* _YOUR ASSIGNMENT_
Your answer should hold exactly the lines below from the line with "Trendy Hand Drawn" through the line with "Yellow gold Fancy", both included, and no pictures at all.

▬▬▬▬▬▬

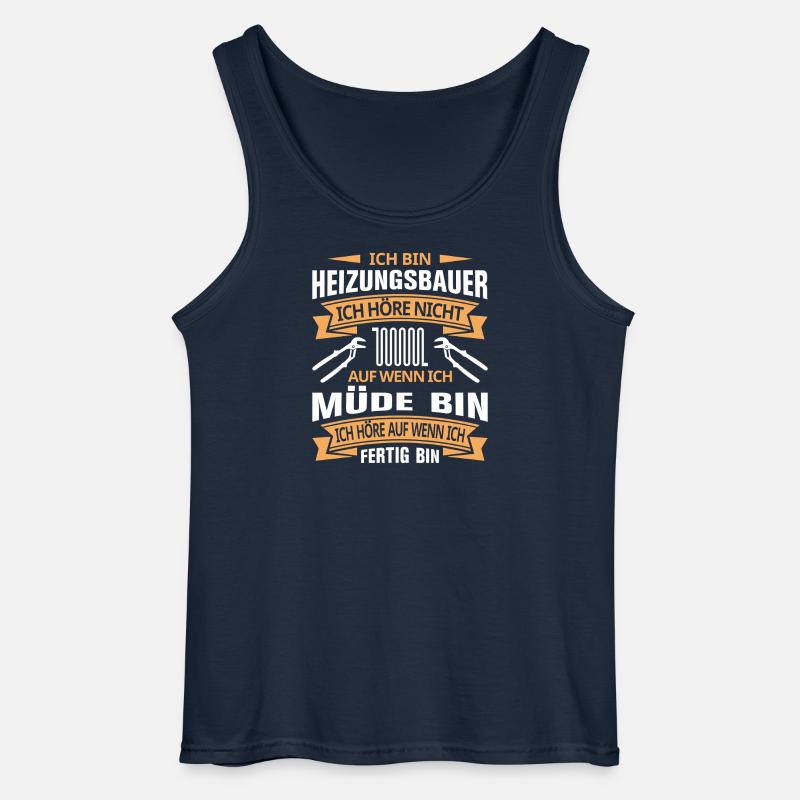 Heating Engineer Heating Construction Plumber Plumber - Gildan Men’s Tank Top - navy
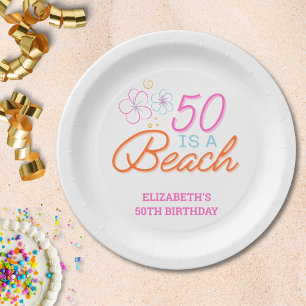  Trendy Hand Drawn Doodle 50th Beach Birthday  Paper Plate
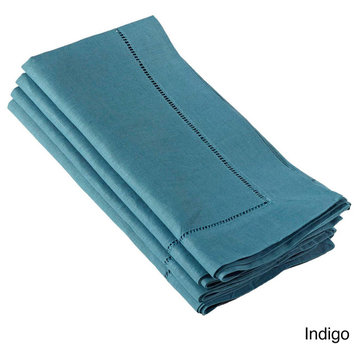 Solid Color Hemstitched Linen Blend 20x20 Napkin, Set of 4 , Indigo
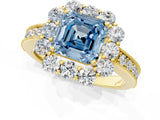 Yellow gold Fancy Blue Asscher Cut Cut Halo Diamond Pavé Engagement Ring with Milgrain Detailing_1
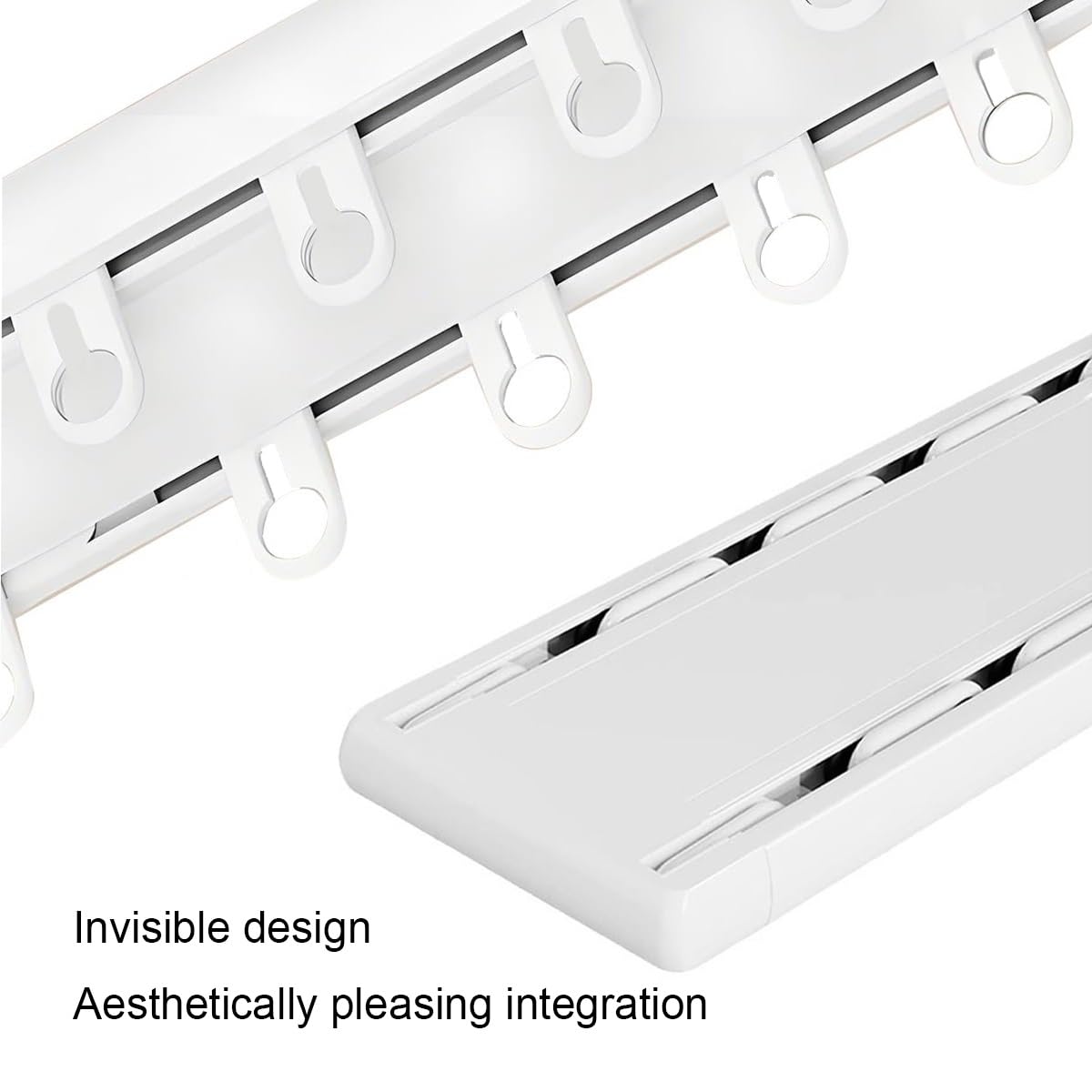 Alu-Vorhangschiene Decken Gardinenschiene 2-LäUfig, Aluminium Gardinenstange Weiß, Ultradünne Hausvorhangschiene für Privatsphäre Raumteiler 50/70/120/140/160/230/400/500/750/800cm(Schwarz,130cm)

▬▬▬▬▬▬

* _SOLUTION_
  Trendy Hand Drawn Doodle 50th Beach Birthday  Paper Plate
 Solid Color Hemstitched Linen Blend 20x20 Napkin, Set of 4 , Indigo
 Yellow gold Fancy Blue Asscher Cut Cut Halo Diamond Pavé Engagement Ring with Milgrain Detailing_1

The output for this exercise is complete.